> _THE TASK_: Omitting the pictures, output all of the records precisely as written.

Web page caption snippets
====

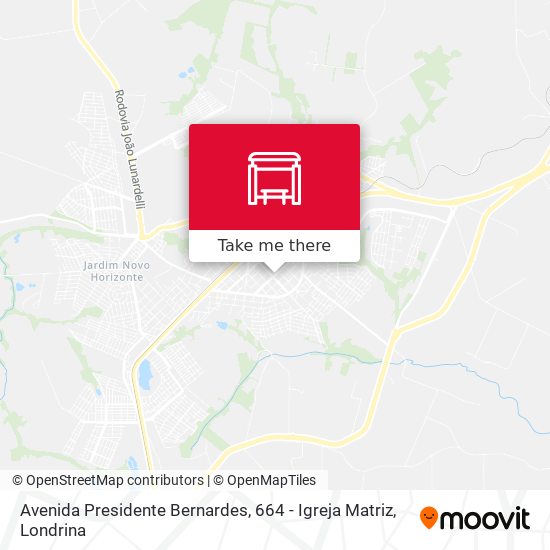 Avenida Presidente Bernardes, 664 - Igreja Matriz map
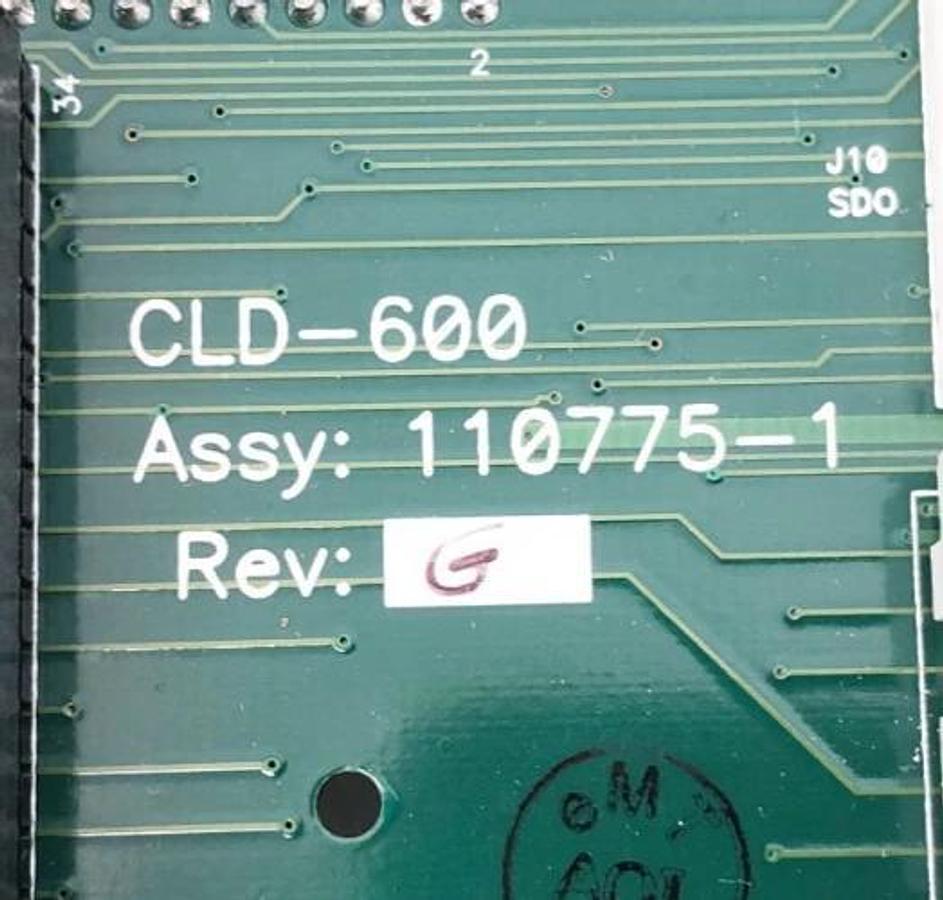 New 110775-1 Rev G Main PCB for 600 NOX CLD-600 US2:PA10000043 - No Box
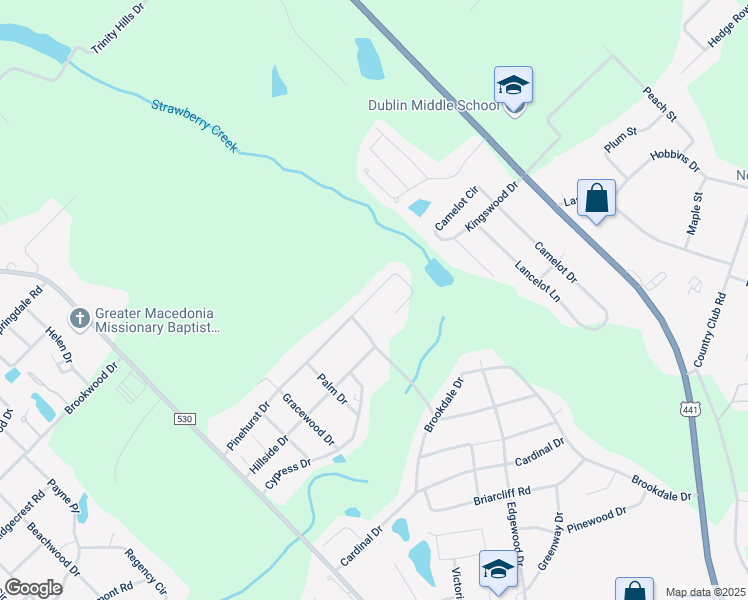 map of restaurants, bars, coffee shops, grocery stores, and more near 123 Pinehurst Court in Dublin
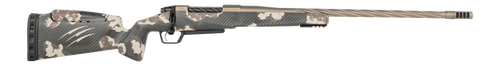 Fierce Firearms RIVSSX22CM22BDS Twisted Rival XP 2.0 22 Creedmoor 3+1 22" Smoked Bronze Cerakote Spiral Fluted Threaded Barrel, Stainless Steel Drilled & Tapped Receiver, Arca Rail Forend, Desert Shad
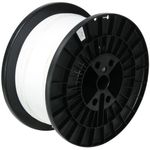 Polymaker 5kg PETG Filament 1.75mm, Strong PETG 3D Printer Filament White - PolyLite PETG 3D Printing Filament, Cost Effective Large Roll PETG 3D Printing Filament for Big Projects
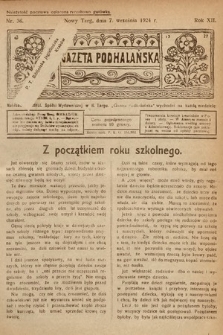 Gazeta Podhalańska. 1924, nr 36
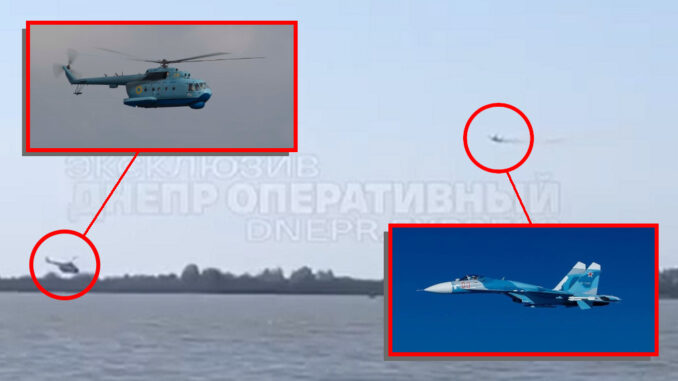 Watch A Russian Flanker Engage A Low Flying Ukrainian Mi-14 Helicopter In The Odesa Oblast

====

> _ANSWER TO THIS TASK_:
 Avenida Presidente Bernardes, 664 - Igreja Matriz map
 New 110775-1 Rev G Main PCB for 600 NOX CLD-600 US2:PA10000043 - No Box
 map of restaurants, bars, coffee shops, grocery stores, and more near 123 Pinehurst Court in Dublin
 Fierce Firearms RIVSSX22CM22BDS Twisted Rival XP 2.0 22 Creedmoor 3+1 22" Smoked Bronze Cerakote Spiral Fluted Threaded Barrel, Stainless Steel Drilled & Tapped Receiver, Arca Rail Forend, Desert Shad
 Polymaker 5kg PETG Filament 1.75mm, Strong PETG 3D Printer Filament White - PolyLite PETG 3D Printing Filament, Cost Effective Large Roll PETG 3D Printing Filament for Big Projects
 Gazeta Podhalańska. 1924, nr 36
 Watch A Russian Flanker Engage A Low Flying Ukrainian Mi-14 Helicopter In The Odesa Oblast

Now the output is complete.